EXERCISE INSTRUCTIONS
Omit the images. Copy each entry word for word.

Scraped caption text data
====

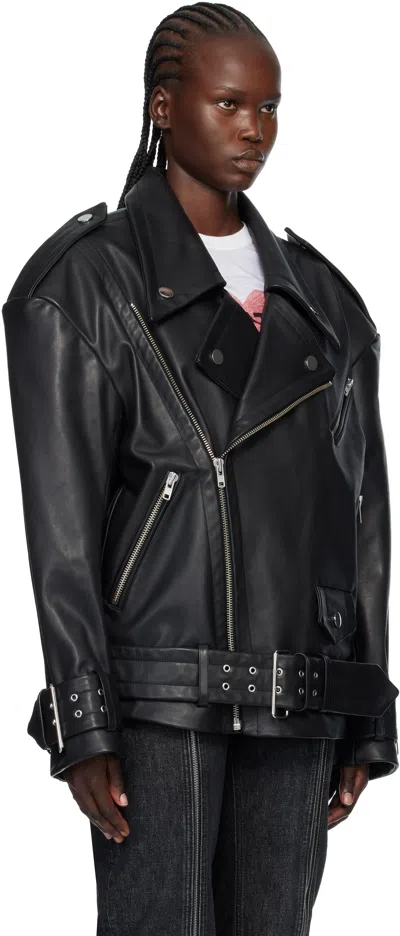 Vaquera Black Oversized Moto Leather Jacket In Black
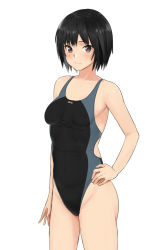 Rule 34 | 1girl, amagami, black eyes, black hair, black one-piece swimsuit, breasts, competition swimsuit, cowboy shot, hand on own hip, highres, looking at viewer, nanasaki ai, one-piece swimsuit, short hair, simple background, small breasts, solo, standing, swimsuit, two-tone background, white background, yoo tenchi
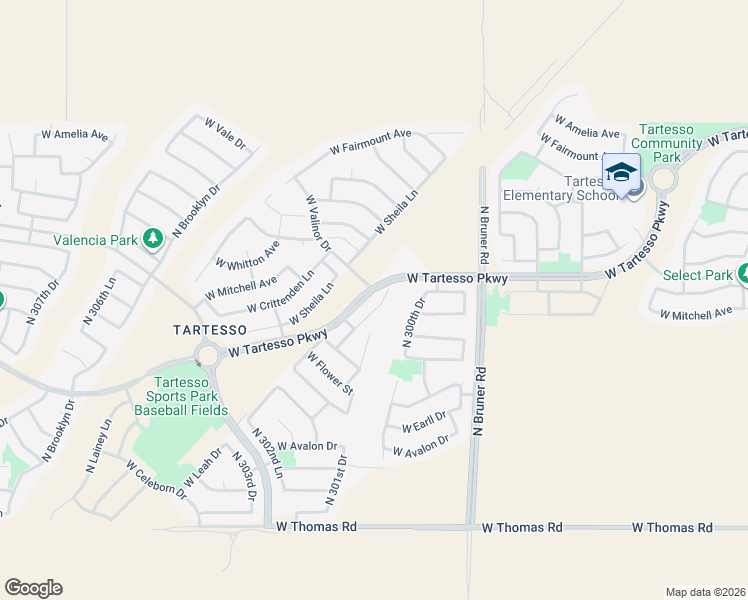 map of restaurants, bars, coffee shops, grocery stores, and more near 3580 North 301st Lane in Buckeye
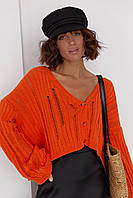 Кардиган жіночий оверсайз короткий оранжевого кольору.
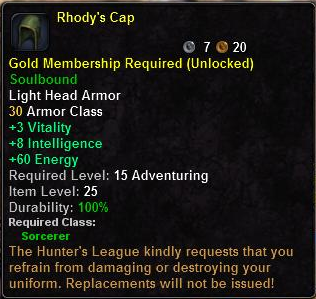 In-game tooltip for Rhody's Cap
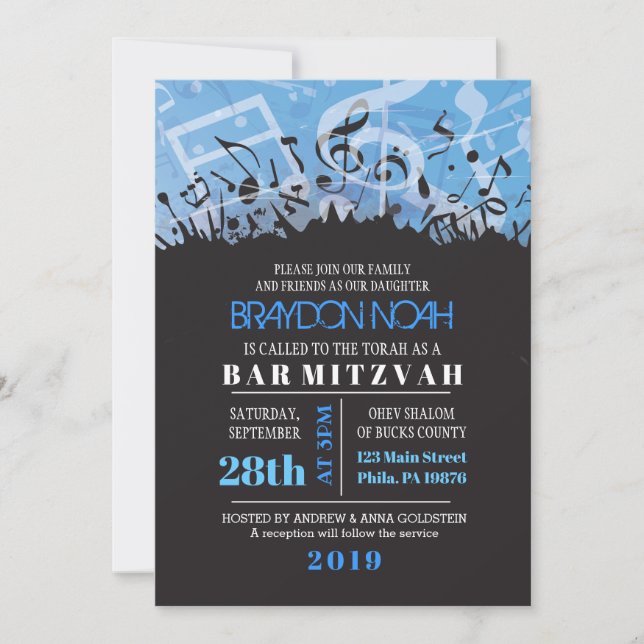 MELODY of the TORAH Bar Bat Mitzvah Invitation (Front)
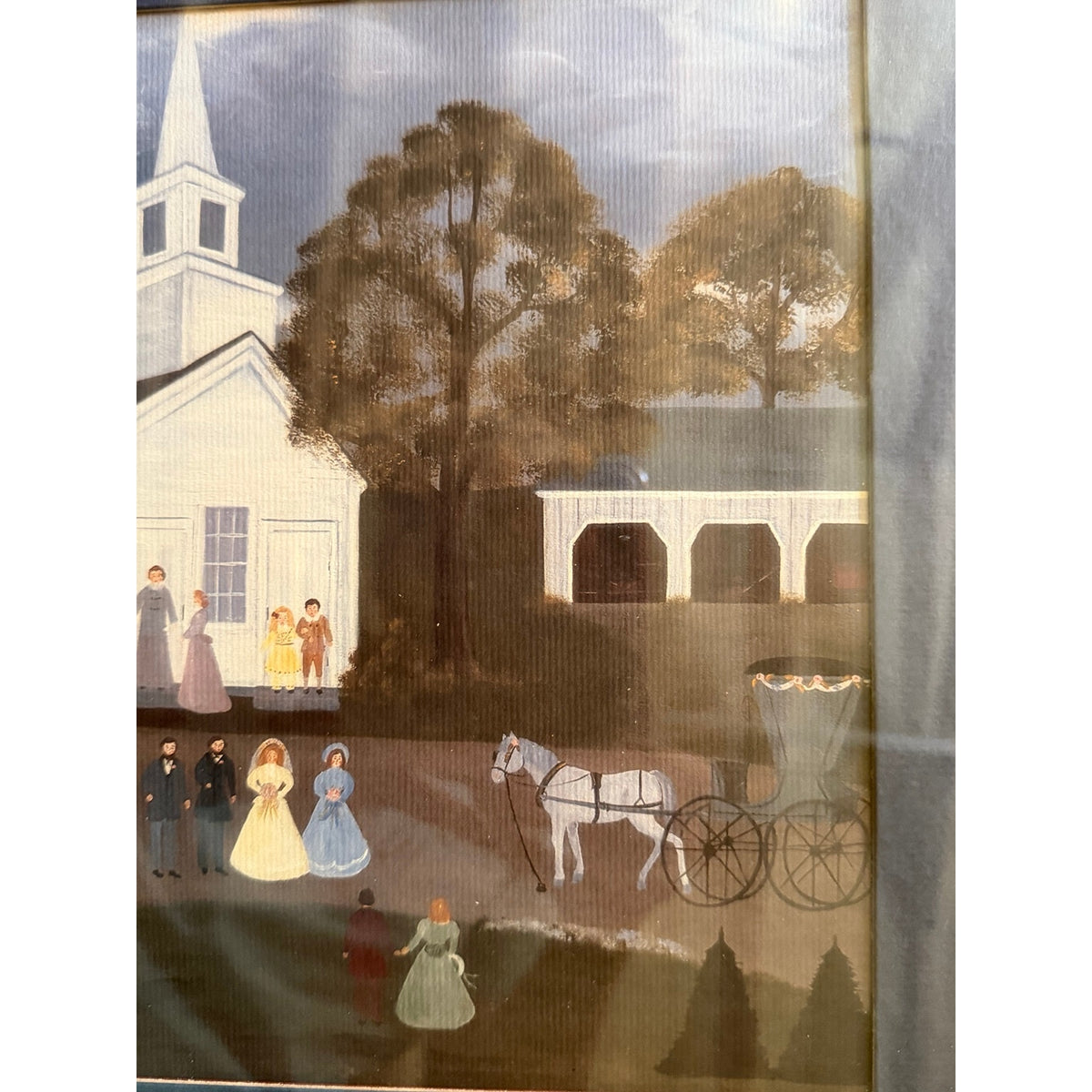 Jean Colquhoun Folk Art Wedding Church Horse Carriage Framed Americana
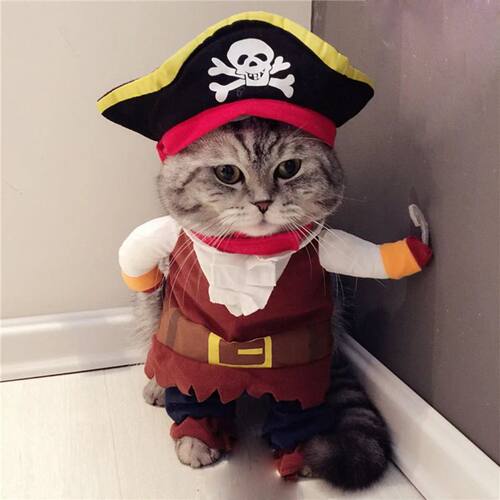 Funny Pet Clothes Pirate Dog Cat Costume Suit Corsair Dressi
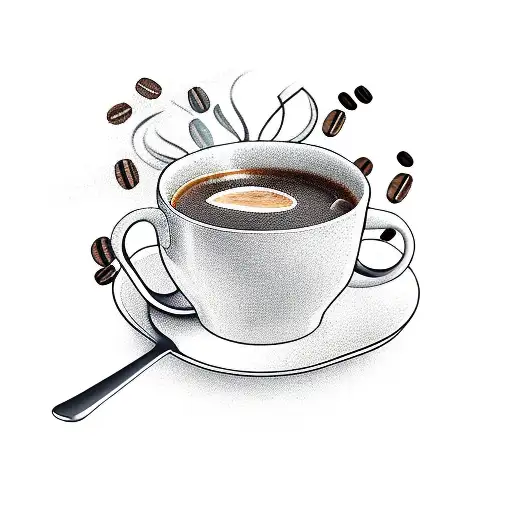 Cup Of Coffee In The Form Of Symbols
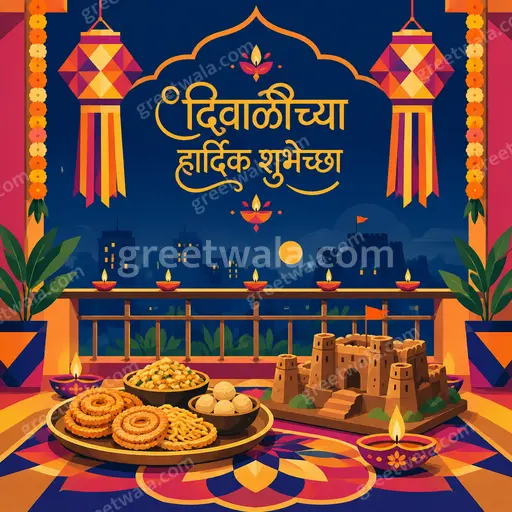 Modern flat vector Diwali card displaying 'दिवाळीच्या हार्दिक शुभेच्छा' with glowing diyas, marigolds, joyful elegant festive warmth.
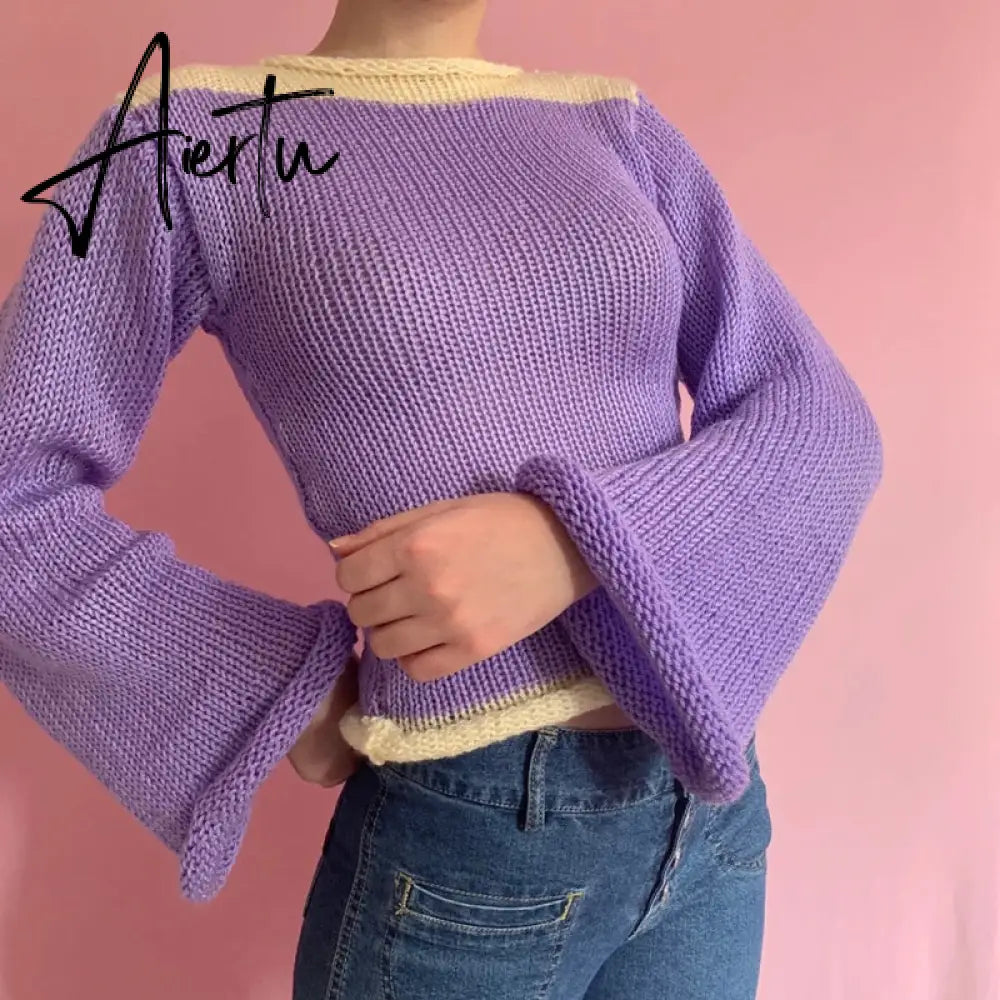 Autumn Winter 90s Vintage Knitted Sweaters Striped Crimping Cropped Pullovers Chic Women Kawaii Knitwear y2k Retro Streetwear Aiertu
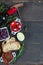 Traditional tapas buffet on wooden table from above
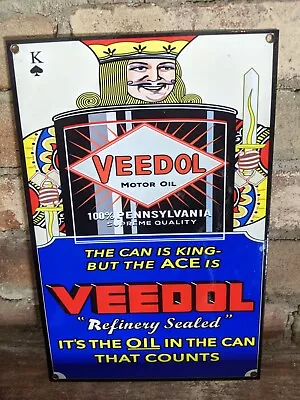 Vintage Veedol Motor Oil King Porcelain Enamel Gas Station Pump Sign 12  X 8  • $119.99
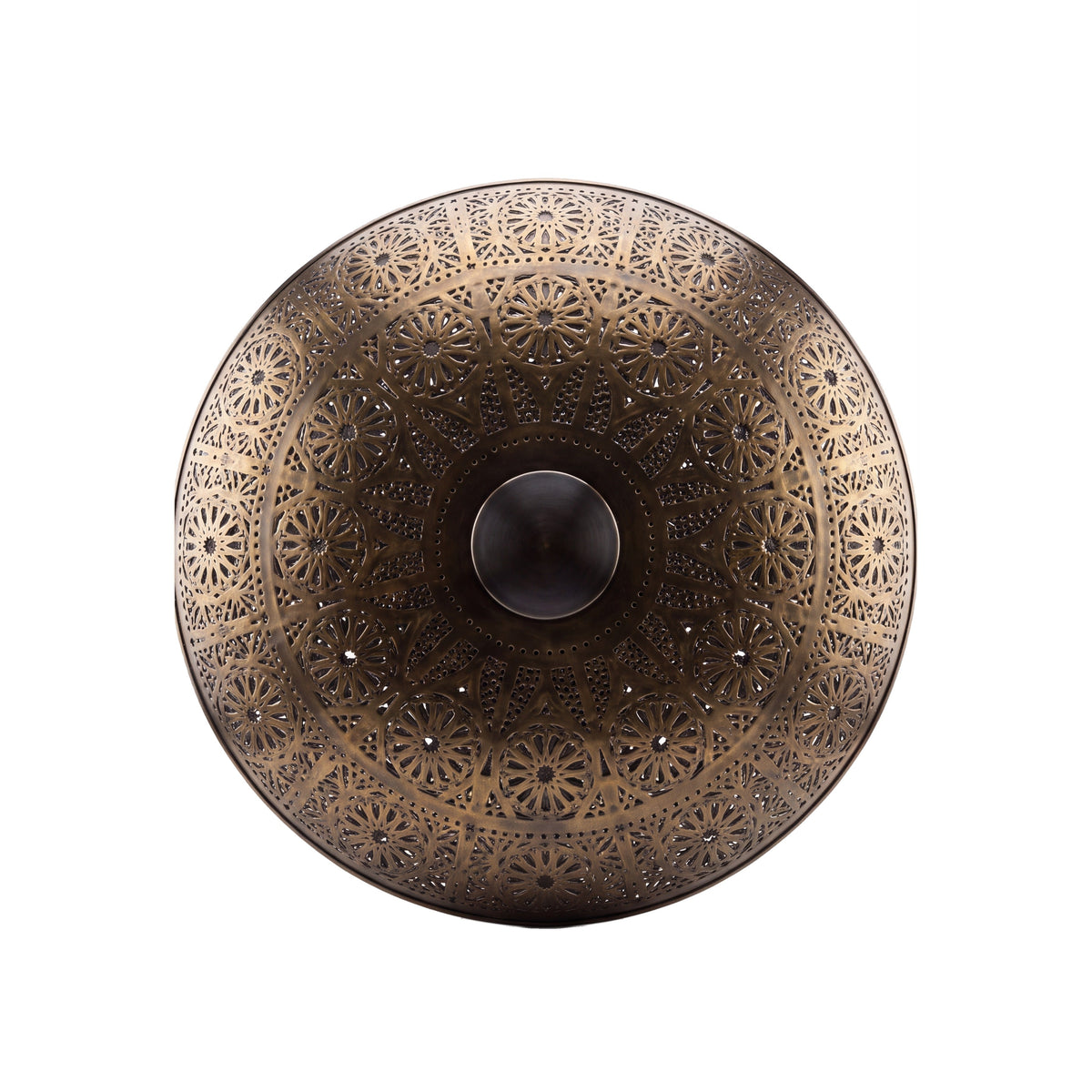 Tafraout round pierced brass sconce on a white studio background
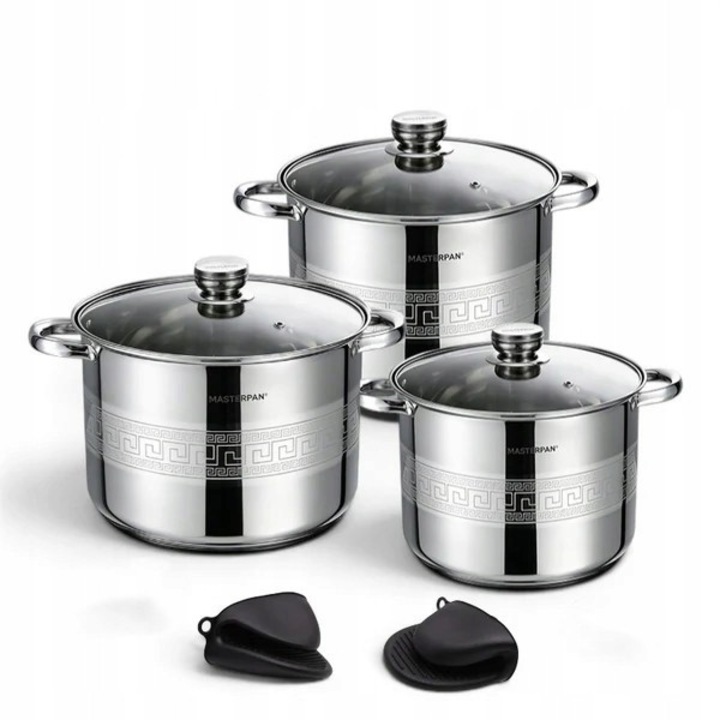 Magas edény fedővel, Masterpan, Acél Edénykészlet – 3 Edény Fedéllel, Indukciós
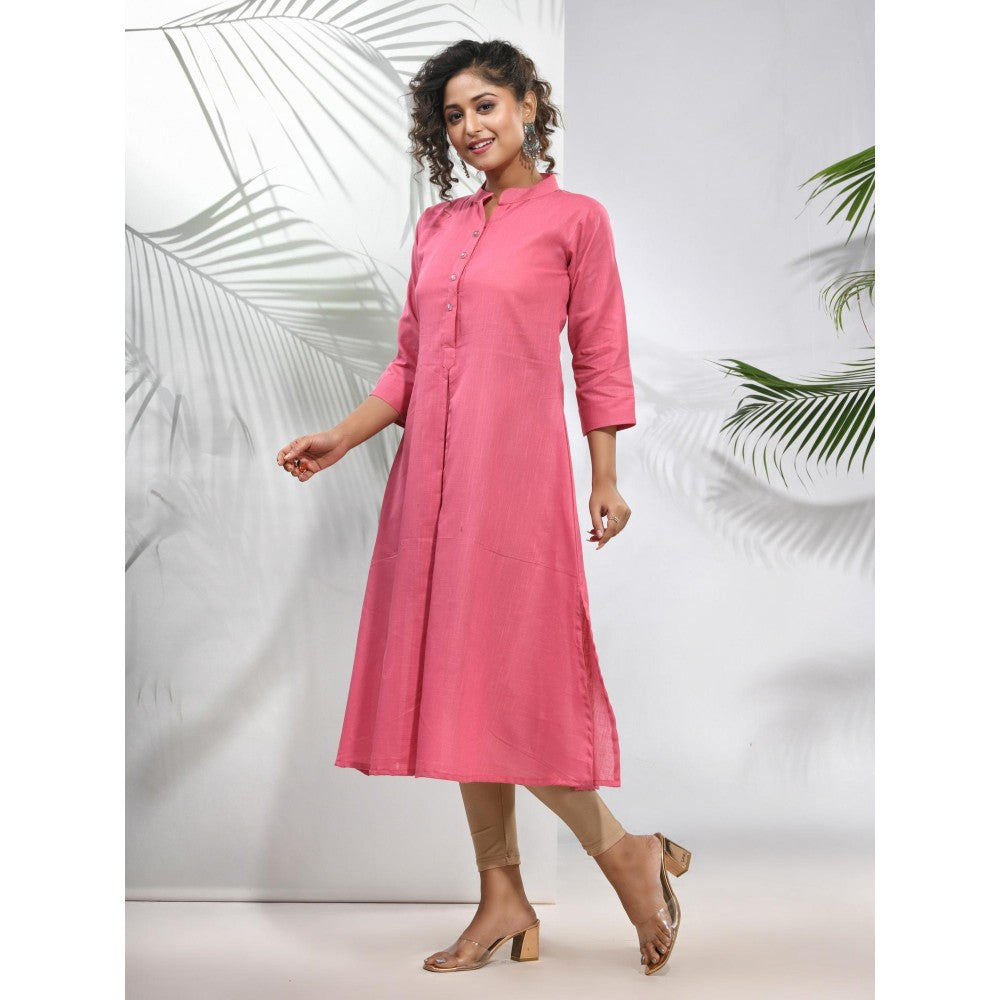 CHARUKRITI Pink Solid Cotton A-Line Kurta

====

ANSWER TO THE PROBLEM
 Vaquera Black Oversized Moto Leather Jacket In Black
 Rule 34 | 1girl, amagami, black eyes, black hair, black one-piece swimsuit, breasts, competition swimsuit, cowboy shot, hand on own hip, highres, looking at viewer, nanasaki ai, one-piece swimsuit, short hair, simple background, small breasts, solo, standing, swimsuit, two-tone background, white background, yoo tenchi
 map of restaurants, bars, coffee shops, grocery stores, and more near 3580 North 301st Lane in Buckeye
 Кардиган жіночий оверсайз короткий оранжевого кольору.
 In-game tooltip for Rhody's Cap
 MELODY of the TORAH Bar Bat Mitzvah Invitation (Front)
 Jean Colquhoun Folk Art Wedding Church Horse Carriage Framed Americana
 Funny Pet Clothes Pirate Dog Cat Costume Suit Corsair Dressi
 Cup Of Coffee In The Form Of Symbols
 Modern flat vector Diwali card displaying 'दिवाळीच्या हार्दिक शुभेच्छा' with glowing diyas, marigolds, joyful elegant festive warmth.
 Autumn Winter 90s Vintage Knitted Sweaters Striped Crimping Cropped Pullovers Chic Women Kawaii Knitwear y2k Retro Streetwear Aiertu
 Traditional tapas buffet on wooden table from above
 Vintage Veedol Motor Oil King Porcelain Enamel Gas Station Pump Sign 12  X 8  • $119.99
 Tafraout round pierced brass sconce on a white studio background
 Magas edény fedővel, Masterpan, Acél Edénykészlet – 3 Edény Fedéllel, Indukciós
 CHARUKRITI Pink Solid Cotton A-Line Kurta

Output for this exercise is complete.